De islam verschilt van andere religies ten opzichte van geloof, aanbidding en bepaalde aspecten van sociale regelgeving en zedelijkheid. De islam vertegenwoordigt het midden tussen de joodse en christelijke opvattingen. Bijvoorbeeld: wat rechtvaardigheid betreft, neemt het jodendom een ‘oog-om-oog houding’ aan terwijl het christendom de ‘keer de andere wang toe-houding’ verkondigt. Binnen de islam heeft men uiteraard het recht om rechtvaardigheid te zoeken, maar wordt men aangemoedigd om te vergeven.
“En Wij hebben daarin voor hen voorgeschreven: een leven voor een leven, een oog voor een oog, een neus voor een neus, een oor voor een oor, een tand voor een tand, en de wonden worden vergolden met het gelijke daaraan. Maar wie het (d.w.z. de vergelding) kwijtscheldt, het zal voor hem een boetedoening zijn. En wie niet oordeelt met dat wat Allah heeft neergezonden, zij zijn de onrechtplegers.”1
In tegenstelling tot het boeddhisme en het christendom is God in de islam boven alles verheven. Als gevolg van de bovennatuurlijke werkelijkheid wordt in het boeddhisme helemaal niet over God gesproken en in het christendom accepteert men alleen een persoonlijke God in de incarnatie van Jezus.

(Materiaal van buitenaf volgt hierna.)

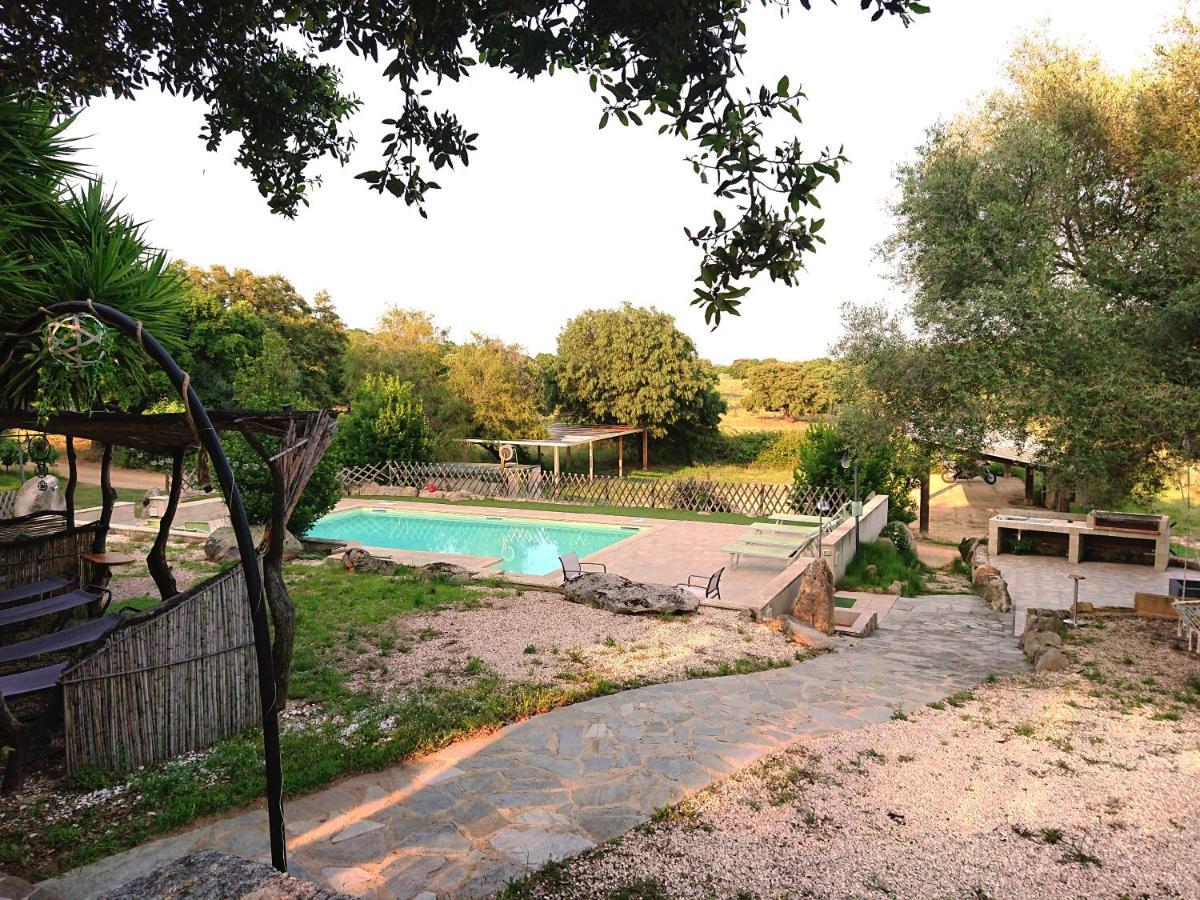 Agriturismo Desole Monti ภายนอก รูปภาพ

De islam kent niemand anders dan Allah, absolute en volmaakte eigenschappen toe. Dit in tegenstelling tot het hindoeïsme waar elke goddelijke eigenschap aan een aparte god wordt toegekend. In tegenstelling tot de Drie-eenheid van het christendom kent de islam niemand anders dan God goddelijkheid toe. Moslims bidden rechtstreeks, zonder tussenpersonen of bemiddelaars, tot Allah. De islam verkondigt dat geen enkel volk, ras of religie zich de aarde als eigenaar kan toe-eigenen. De Koran wijst hier als volgt op:
“Musa (Mozes) zei tegen zijn volk: Zoek hulp bij Allah en wees geduldig. Voorwaar, deaarde behoort aan Allah toe. Hij laat het (de aarde) erven door wie Hij wil van Zijn dienaren en het goede einde is voor de godsvruchtige.”2
Daarnaast is de islam een religie van balans. Het is niet de bedoeling dat de volgelingen ervan qua geloof, aanbidding en sociaal gedrag in uitersten vervallen.
Moslims worden niet geacht zich alleen op het fysieke bestaan of het hiernamaals te richten. Wat dit betreft, heeft de islam het perfecte evenwicht gebracht tussen geloof en de beoefening van religie als een manier van leven.